It looks as OUTPUT operator spend some time to show data to you.
https://msdn.microsoft.com/en-us/library/ms177564%28v=sql.120%29.aspx
Time differences depend on many things. A local server may be faster because you are not sending data through a full network pipeline. Other work happening concurrently on each server may affect speed.
Typically in dev there is little or no other work load and things can be faster than on Prod where there are thousands of users trying to things at the same time. This is why load testing is important if you have a large system.
You don't mention indexing but that too can be different on different servers (even when it is supposed to be the same!). So at least check that.
Look at the execution plans see if you can find the difference. Outdated statistics can also result in a less than optimal execution plan too.
Does one of the servers run applications other than the database?
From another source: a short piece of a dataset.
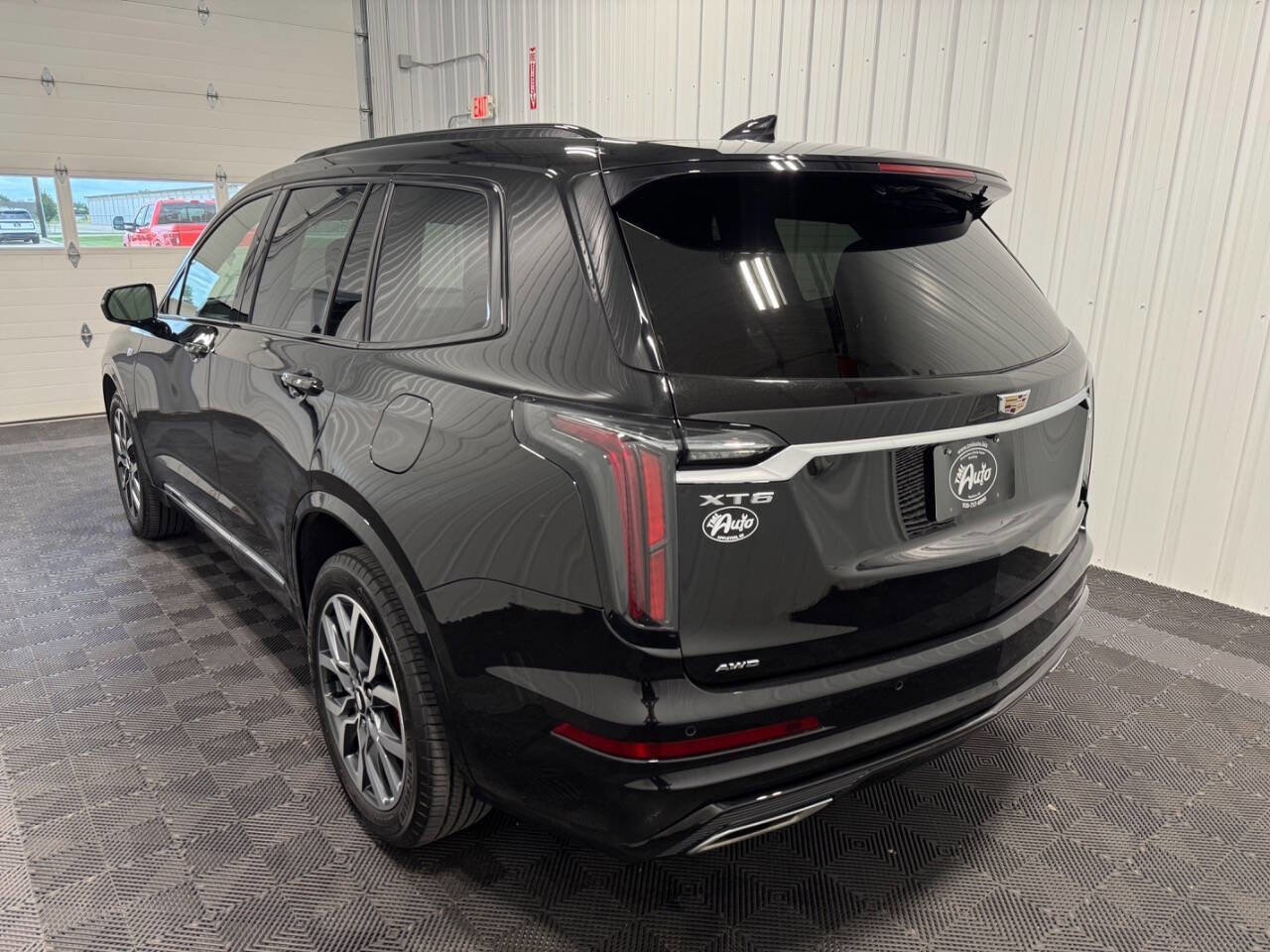 Used 2023 Cadillac XT6 Sport image 6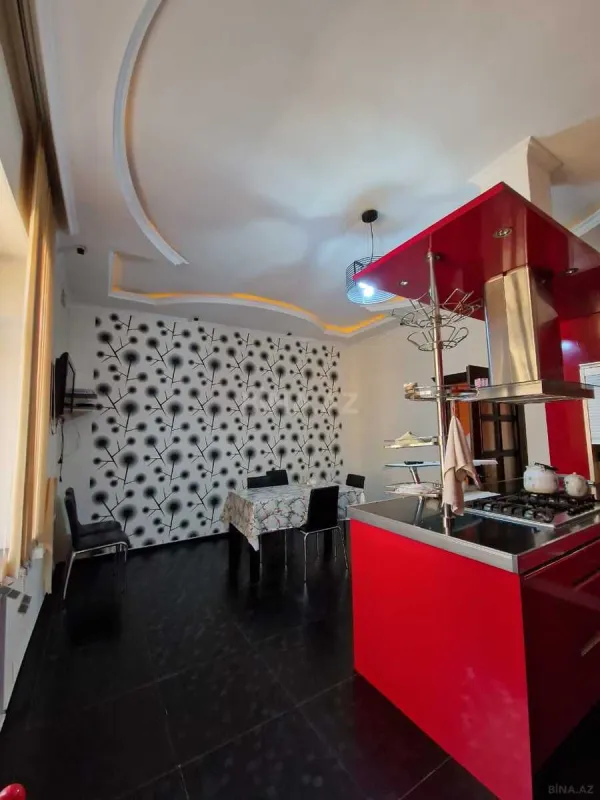 Satılır 6 otaqlı həyət evi 500 m²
That could be limiting the amount of memory the server has available for the database to use.
Honestly, this is a huge topic and there are many many things you should be checking. If you are doing this kind of analysis, I would suggest you buy a performance tuning book and read through it to figure out what things can affect this. This s not something that can easily be answered by a question on the Internet; you need to get some in depth knowledge.
Query speed has little to do with CPU/memory speed, especially queries that update data.
Query speed is mainly limited by disk I/O speed, which is at least 1000 times slower than CPU/RAM speed. Making queries faster is ultimately about avoiding unnecessary disk I/O, but your query must read and write every row.
The VM box (probably) uses a virtual drive that is mapped to a file on disk and there is probably some effort required to keep the two aligned, possibly even asynchronously, while other processes are running and contending with the drive.
Maybe your workstation has less contention or a simpler virtual file system etc.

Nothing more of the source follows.